Vigora, entre nós, a presunção de constitucionalidade das leis, enquanto não declaradas inconstitucionais.

Assim, qualquer benefício por eles recebidos na vigência de tal lei ou ato normativo estará garantido pelo ato jurídico perfeito e pelo direito adquirido. Pelo princípio da segurança jurídica.

Sobrevindo a declaração de inconstitucionalidade da lei ou do ato normativo impugnado na ação direta de inconstitucionalidade, deve-se ter como lícito e mesmo como um dever a atribuição de efeitos “ex nunc” à decisão do Supremo.

Como não há direito adquirido a obter benefício ou vantagem com base em lei ou em ato normativo declarado inconstitucional, cessará para os até então beneficiários o direito de continuar recebendo os benefícios ou as vantagens decorrentes de tal lei ou ato normativo.

Conclusão

É preciso estar atento a essas decisões do Supremo Tribunal Federal e não deixar passar a oportunidade do exercício dos direitos constitucional e legalmente garantidos a todos em face de leis ou de atos normativos julgados inconstitucionais.

Para não se perder a oportunidade de reivindicar direitos ou de afastar deveres ou obrigações diante de lei ou de ato normativo que possa parecer inconstitucional ou padecer de inconstitucionalidade, não é preciso esperar o ajuizamento de qualquer ação direta de inconstitucionalidade.

É fato que qualquer pessoa física ou jurídica é dotada do que se denomina direito público subjetivo de recorrer às instâncias administrativas e ao Poder Judiciário na defesa de seus direitos.
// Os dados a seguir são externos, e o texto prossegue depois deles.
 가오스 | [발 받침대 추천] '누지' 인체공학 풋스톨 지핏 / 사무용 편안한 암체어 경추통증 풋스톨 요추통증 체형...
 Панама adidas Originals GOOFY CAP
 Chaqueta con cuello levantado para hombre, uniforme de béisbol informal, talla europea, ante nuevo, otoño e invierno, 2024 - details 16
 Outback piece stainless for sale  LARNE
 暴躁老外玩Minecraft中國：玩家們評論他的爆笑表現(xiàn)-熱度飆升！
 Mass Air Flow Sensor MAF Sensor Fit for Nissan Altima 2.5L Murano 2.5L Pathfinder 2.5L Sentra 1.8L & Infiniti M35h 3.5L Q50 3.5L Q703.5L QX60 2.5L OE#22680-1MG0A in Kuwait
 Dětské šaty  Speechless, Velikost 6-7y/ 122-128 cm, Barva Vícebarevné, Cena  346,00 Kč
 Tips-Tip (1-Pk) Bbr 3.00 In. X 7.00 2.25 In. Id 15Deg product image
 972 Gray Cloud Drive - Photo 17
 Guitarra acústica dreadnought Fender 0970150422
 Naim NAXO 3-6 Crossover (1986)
Isso se faz por meio de ação própria ou coletiva, no contexto do denominado controle difuso de constitucionalidade, ajuizando os interessados suas ações ordinárias ou mesmo mandamentais, como é o caso do mandado de segurança preventivo.

Quem assim haja, preventivamente, não correrá o risco de perder meses ou anos na obtenção de eventual ressarcimento por pagamentos feitos com base em lei ou ato normativo inconstitucional.

Inversamente, a omissão favorece o arbítrio.